In the project I’m working on, I simulate at a fixed 30 Hz on an isolated game thread, and I do both drawing and user interface work on a “user thread”, which cycles at the monitor refresh rate. Given this top-level structure, it’s also trivial to separate input gathering—which includes details like window moving and resizing—to another thread, which allows simulation and drawing to operate smoothly even as a window is moved or resized. I did that in my project as well, and pulled input gathering into its own “input thread”.
At the end of the day, the entry point of the program’s main thread becomes tasked only with setting up shared data structures (used for communication between the various top-level threads), and launching them:
In my view, this close reexamination of the main loop has led me to a top-level architecture with a number of worthwhile benefits. I hope this post helped lead you to those same benefits, demystify this problem, or was at least interesting.
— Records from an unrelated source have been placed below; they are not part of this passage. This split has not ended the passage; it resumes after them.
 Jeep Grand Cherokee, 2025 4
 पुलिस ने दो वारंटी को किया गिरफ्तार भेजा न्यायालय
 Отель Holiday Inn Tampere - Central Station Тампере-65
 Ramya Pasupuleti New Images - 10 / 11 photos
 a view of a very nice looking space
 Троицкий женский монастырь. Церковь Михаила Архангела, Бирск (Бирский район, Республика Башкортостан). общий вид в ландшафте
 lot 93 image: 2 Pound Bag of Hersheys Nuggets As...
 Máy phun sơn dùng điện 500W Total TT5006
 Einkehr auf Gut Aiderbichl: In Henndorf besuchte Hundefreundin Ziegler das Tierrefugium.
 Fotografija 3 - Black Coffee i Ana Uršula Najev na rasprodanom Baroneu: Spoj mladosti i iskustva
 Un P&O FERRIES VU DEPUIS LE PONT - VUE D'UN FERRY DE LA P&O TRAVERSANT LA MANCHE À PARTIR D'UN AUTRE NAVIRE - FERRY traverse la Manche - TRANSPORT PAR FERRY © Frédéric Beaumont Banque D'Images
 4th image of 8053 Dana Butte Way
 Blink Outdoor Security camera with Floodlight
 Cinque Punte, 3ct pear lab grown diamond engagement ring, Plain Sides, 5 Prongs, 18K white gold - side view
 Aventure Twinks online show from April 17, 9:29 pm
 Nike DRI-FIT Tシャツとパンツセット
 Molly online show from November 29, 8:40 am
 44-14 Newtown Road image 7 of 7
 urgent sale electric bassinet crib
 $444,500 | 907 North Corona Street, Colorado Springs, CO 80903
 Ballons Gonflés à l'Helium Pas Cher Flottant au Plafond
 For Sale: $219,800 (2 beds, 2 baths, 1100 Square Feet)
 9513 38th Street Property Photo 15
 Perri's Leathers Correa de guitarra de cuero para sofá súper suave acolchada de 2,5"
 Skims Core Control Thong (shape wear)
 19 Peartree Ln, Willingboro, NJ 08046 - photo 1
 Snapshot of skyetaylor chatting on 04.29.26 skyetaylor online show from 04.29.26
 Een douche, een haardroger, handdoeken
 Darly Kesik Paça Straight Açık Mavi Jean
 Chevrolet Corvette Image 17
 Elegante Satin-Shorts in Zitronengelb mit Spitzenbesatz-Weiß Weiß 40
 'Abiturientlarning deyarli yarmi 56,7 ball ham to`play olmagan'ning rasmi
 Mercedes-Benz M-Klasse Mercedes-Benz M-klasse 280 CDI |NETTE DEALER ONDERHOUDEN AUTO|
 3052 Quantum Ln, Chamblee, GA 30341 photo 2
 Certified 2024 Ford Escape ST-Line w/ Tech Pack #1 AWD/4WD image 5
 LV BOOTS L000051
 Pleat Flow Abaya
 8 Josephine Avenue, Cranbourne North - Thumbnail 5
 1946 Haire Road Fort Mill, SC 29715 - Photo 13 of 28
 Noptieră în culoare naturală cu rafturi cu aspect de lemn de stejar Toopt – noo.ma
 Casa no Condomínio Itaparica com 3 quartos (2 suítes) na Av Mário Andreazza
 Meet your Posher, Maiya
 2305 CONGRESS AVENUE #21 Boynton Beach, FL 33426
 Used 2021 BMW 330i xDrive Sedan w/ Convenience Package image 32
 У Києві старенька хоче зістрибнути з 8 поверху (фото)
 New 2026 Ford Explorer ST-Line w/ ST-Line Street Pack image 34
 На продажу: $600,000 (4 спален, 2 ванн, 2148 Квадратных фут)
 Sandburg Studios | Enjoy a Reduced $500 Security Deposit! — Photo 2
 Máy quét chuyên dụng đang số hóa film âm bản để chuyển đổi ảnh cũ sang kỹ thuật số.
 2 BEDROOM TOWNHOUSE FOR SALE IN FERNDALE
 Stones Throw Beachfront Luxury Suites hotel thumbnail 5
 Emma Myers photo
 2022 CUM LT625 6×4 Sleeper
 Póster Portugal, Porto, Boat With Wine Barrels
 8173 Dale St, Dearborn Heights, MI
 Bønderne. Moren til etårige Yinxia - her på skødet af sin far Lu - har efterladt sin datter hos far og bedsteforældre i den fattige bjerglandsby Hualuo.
If you enjoyed this post, please consider subscribing. Thanks for reading.
-Ryan
Few months ago I have decided to make a demo of a game with stutter-free experience because of numerous articles about stuttering I saw online, in the end I decided that delta-times are a no-go, noticing how for monitor refresh cycle and simulation cycle are completely different in timing and there is no way to solve them cleanly with a "traditional" game loop. And since I don't respect almost any programming traditions, I decided to do a new approach which I haven't seen done anywhere else, and it is to decouple those cycles into different threads. The approach worked great, giving me smooth interpolation on any monitor. The higher refresh rate - the smoother the game looks; no tricks. Thought you have made some inventions as well, but turns out you did it exactly as I did! This was a waste of $5, wasn't it :D
But at least a good programmer like you has now confirmed that this *is* a working approach, and it finally solves the ancient game programming problem of coupling simulation with frame-rate. I do wish you expounded more on the problems you faced, and solutions you have found. I found it tricky to set up communication between code cycles when one is going too fast or too slow, it can introduce deadlocks if you don't structure the communication system properly. There are also performance concerns depending on how you set up this data-sharing. etc.
I assume audio would go on a separate thread as well? What about netcode?